Two use cases for capturing groups
A capturing group in a regex has actually two distinct goals (as the name "capturing group" itself suggests):
Grouping — if you need a group to be a treated as a single entity in order to apply some stuff to the whole group.
Probably the most trivial example is including an optional sequence of characters, e.g. "foo" optionally followed by "bar", in regex terms: /foo(bar)?/ (capturing group) or /foo(?:bar)?/ (non-capturing group). Note that the trailing ? is applied to the whole group (bar) (which consists of a simple character sequence bar in this case). In case you just want to check if the input matches your regex, it really doesn't matter whether you use a capturing or a non-capturing group — they act the same (except that a non-capturing group is slightly faster).
Capturing — if you need to extract a part of the input.
For example, you want to get number of rabbits from an input like "The farm contains 8 cows and 89 rabbits" (not very good English, I know).

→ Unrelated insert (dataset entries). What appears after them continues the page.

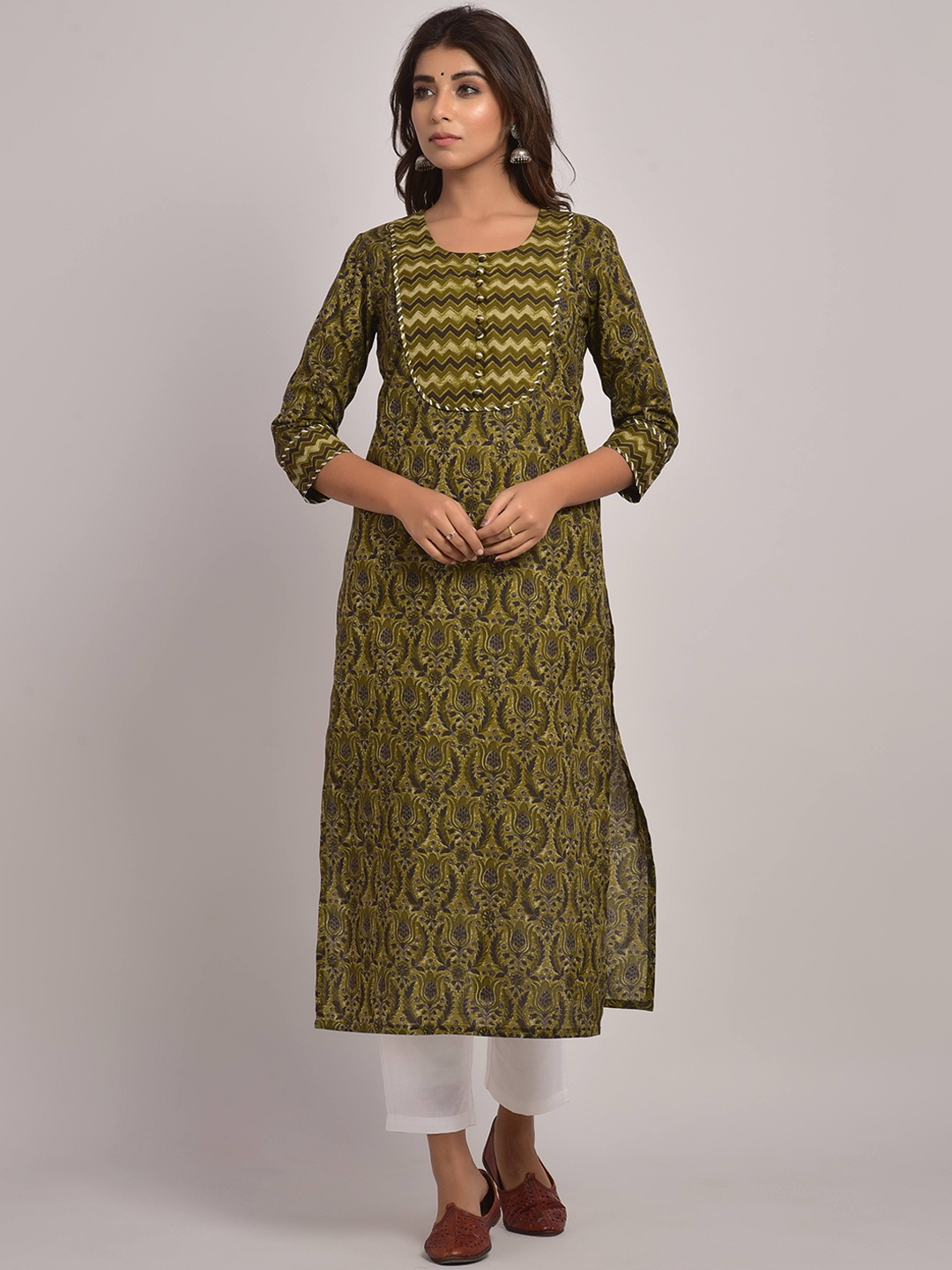 

Swasti Women Green Ethnic Motifs Printed Mirror Work Floral Kurta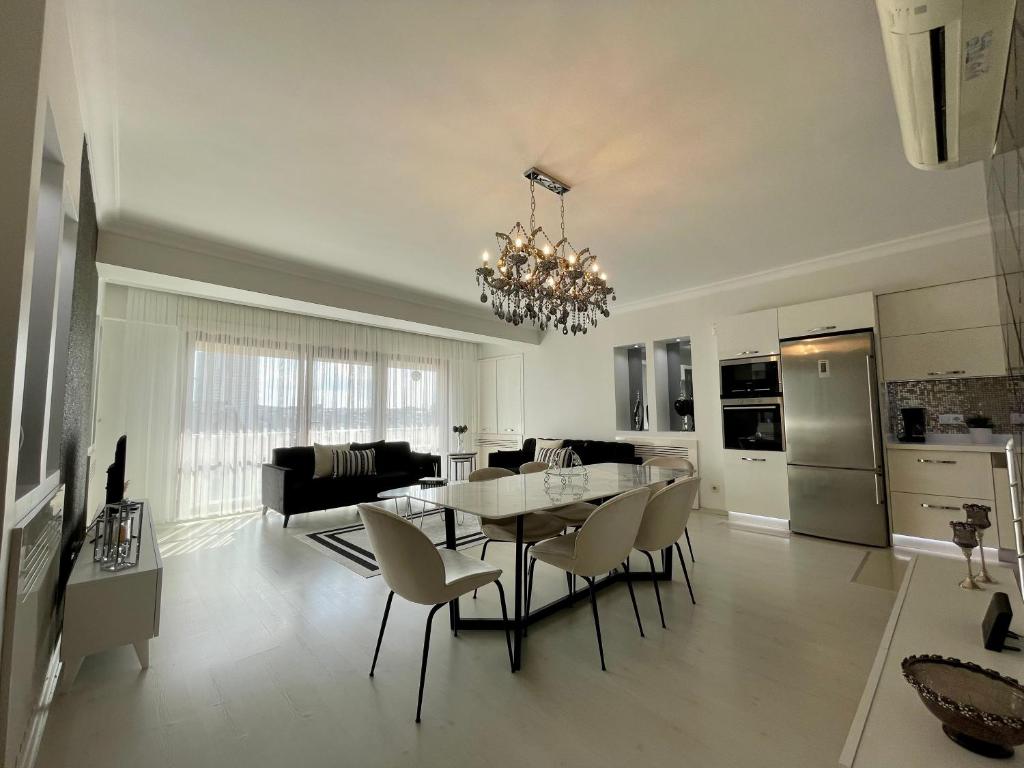 uma cozinha e sala de estar com mesa e cadeiras em Kaplan Luxury Flat - 3 Bedrooms with air conditioning & heating in the City em Istambul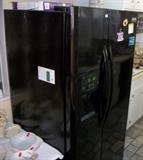 Newer Frigidaire Gallery Side-by-Side Refrigerator / Freezer with Ice / Water in the Door and Electronic Controls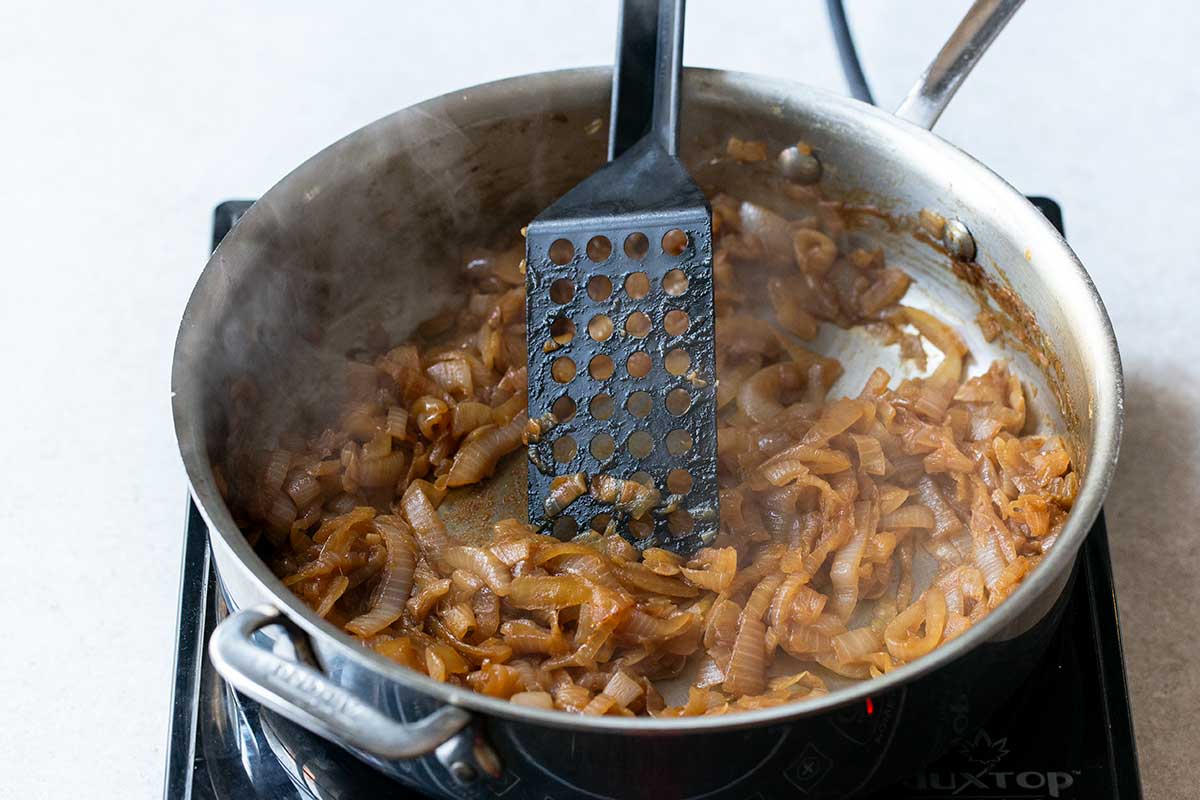 Caramelized onions in pan with spatula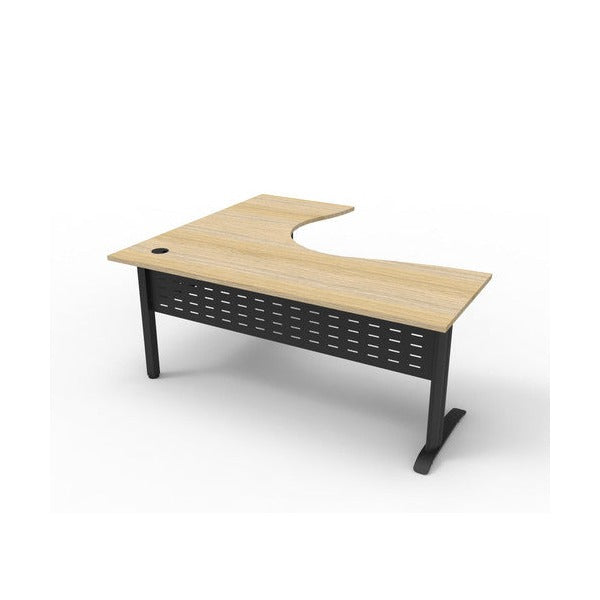 Rapidline Deluxe Rapid Span corner workstation with a Natural Oak top on Black Satin span legs and a perforated metal modesty panel, smaller angled front view.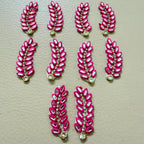 Bulk lot of hot pink rhinestone leaf motif patches spread out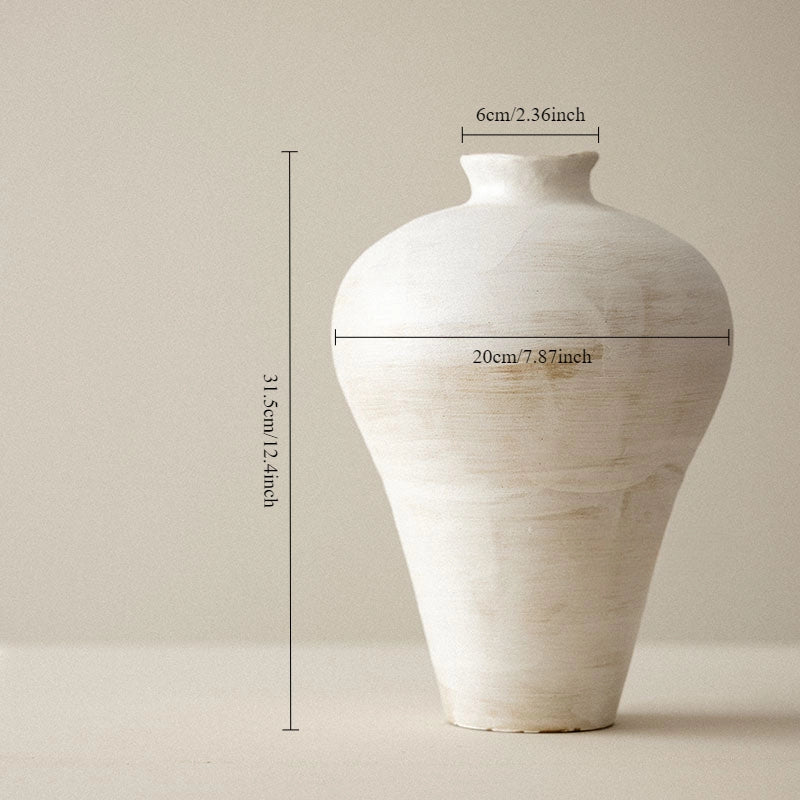 White ceramic vase with measurements on a beige background
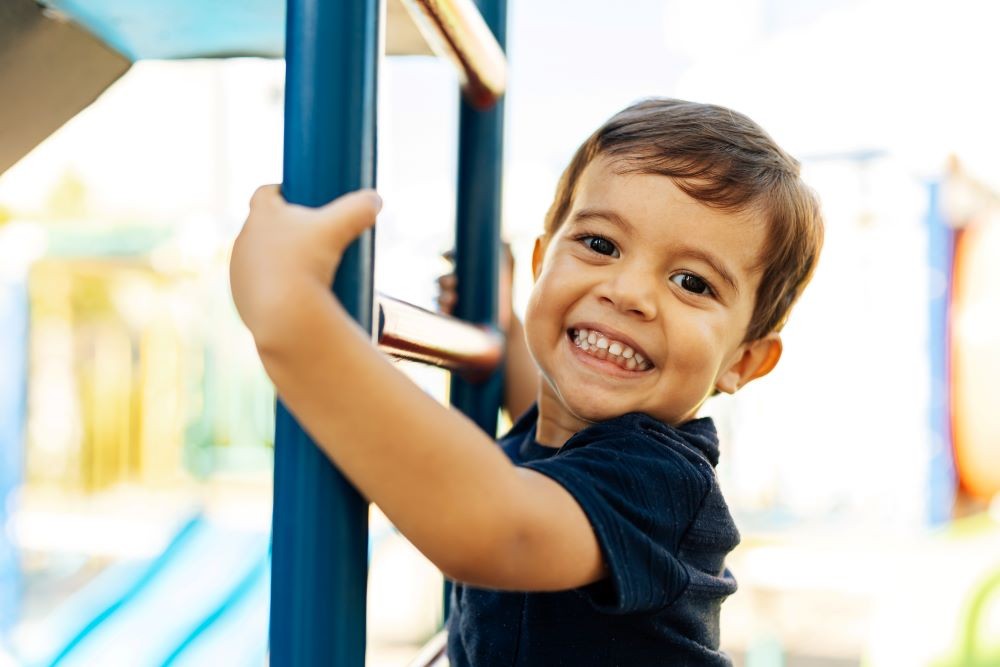 Dallas NorthPark’s Preschool A little boy smiling and climbing a ladder on a playground.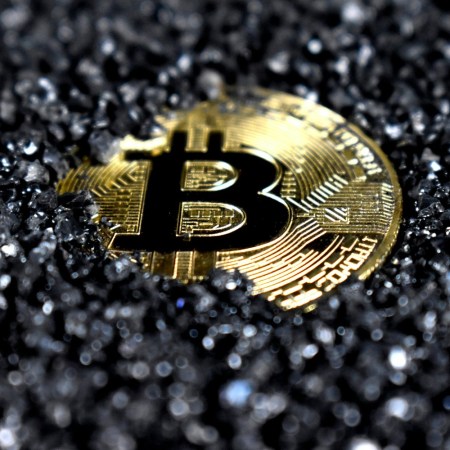 Bitcoin coin amidst gravel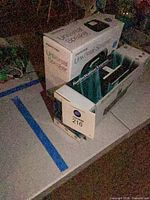 Boxed Memorex Universal Speaker stacked on boxed Logitech AudioStation Express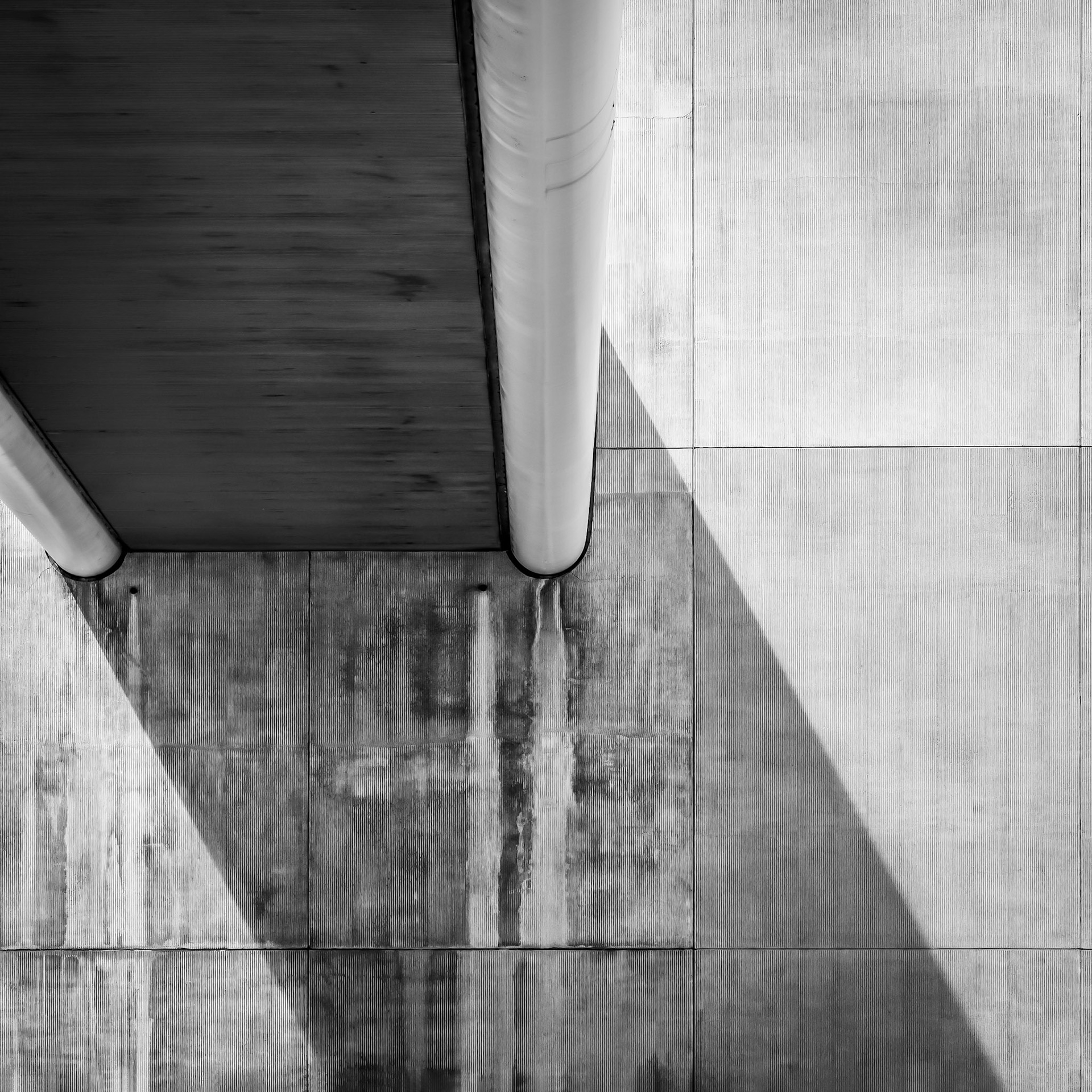 A bridge in downtown Los Angeles links two brutalist buildings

The regex could be /(\d+)\s*rabbits\b/. On successful match, you can get the value matched by the capturing group from JavaScript code (or any other programming language).
In this example, you have a single capturing group, so you access it via its index 0 (see this answer for details).
Now imagine you want to ensure that the "place" is called "farm" or "ranch". If it's not the case, then you don't want to extract the number of rabbits (in regex terms — you don't want the regex to match).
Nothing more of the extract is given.